L’urban air mobility (UAM) attire les capitaux. Les projets de taxis volants se multiplient. Les promesses aussi. Plusieurs eVTOL (aéronef électrique à décollage et atterrissage vertical) tiennent la corde. La communication qui entoure les programmes évite discrètement trois sujets dérangeants : les émissions sonores, la sécurité des vols et le coût réel de l’heure de vol. Et derrière ces paramètres, les calendriers annoncés pour les maîtriser.

Le symposium virtuel Electric & Hybrid Aerospace Technology a réuni, les 20 et 21 avril, 45 intervenants et plus de 200 participants. Ces deux journées ont été l’occasion de faire le point sur les principaux domaines de l’aviation électrique et hybride. Des questions ont été soulevées, sans que des réponses aient été apportées. Trois thèmes animent les débats au sein du microcosme de la mobilité urbaine aérienne (UAM : Urban Air Mobility).

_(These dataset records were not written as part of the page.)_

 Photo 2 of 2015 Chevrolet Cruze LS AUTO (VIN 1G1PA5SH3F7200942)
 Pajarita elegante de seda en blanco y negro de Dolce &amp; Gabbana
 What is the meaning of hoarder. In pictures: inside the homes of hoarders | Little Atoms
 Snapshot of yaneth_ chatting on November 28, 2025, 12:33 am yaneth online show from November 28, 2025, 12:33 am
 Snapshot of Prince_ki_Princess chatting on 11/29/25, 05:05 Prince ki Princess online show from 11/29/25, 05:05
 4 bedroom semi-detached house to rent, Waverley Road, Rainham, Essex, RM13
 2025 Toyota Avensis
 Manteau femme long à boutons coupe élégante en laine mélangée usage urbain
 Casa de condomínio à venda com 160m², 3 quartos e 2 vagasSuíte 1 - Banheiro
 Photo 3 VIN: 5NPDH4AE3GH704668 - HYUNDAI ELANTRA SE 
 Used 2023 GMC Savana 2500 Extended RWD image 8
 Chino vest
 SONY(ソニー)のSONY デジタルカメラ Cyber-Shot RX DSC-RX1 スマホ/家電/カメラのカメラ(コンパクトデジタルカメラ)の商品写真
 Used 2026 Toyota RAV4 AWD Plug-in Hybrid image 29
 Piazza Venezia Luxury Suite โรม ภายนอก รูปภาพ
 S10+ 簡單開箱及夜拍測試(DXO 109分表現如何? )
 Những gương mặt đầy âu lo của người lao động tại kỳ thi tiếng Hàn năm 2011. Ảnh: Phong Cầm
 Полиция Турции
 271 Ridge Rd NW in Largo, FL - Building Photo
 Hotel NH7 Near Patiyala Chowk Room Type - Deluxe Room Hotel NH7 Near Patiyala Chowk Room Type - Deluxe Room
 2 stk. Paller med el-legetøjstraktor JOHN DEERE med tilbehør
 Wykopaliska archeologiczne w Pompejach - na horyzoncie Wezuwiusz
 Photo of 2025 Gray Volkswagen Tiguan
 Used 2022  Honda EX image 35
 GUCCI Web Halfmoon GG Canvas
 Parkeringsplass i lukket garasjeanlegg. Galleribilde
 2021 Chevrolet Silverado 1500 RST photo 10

Les nuisances sonores, facteur clé de l’acceptation social des eVTOL

Très peu de communication sur les niveaux de bruits effectifs de ces eVTOL urbains ont été faites au cours des deux journées de symposium. Les quelques rares données numériques disponibles sont incomplètes et manquent de précision. Il ne s’agit pas non plus de mesures publiques ou contradictoires des émissions sonores. Les quatre principaux projets qui sont aussi ceux qui ont levé le plus de fonds ne dérogent pas à cette règle.

eVTOL Volocity de Volcopter. © Volocopter

Volocopter annonce 65 dB(A) perçu à 75 m du véhicule en vol stationnaire, mais ne précise rien du niveau de bruit en montée jusqu’à ce niveau. Joby Aviation ne communique pas sur des données chiffrées mais présente une vidéo où le dernier modèle, un S4 (vide), décolle (de quelques dizaines de cm) en arrière-plan du PDG qui se félicite de la réussite du dernier tour de table de financement. Le bruit de l’appareil ne semble pas gêner le discours …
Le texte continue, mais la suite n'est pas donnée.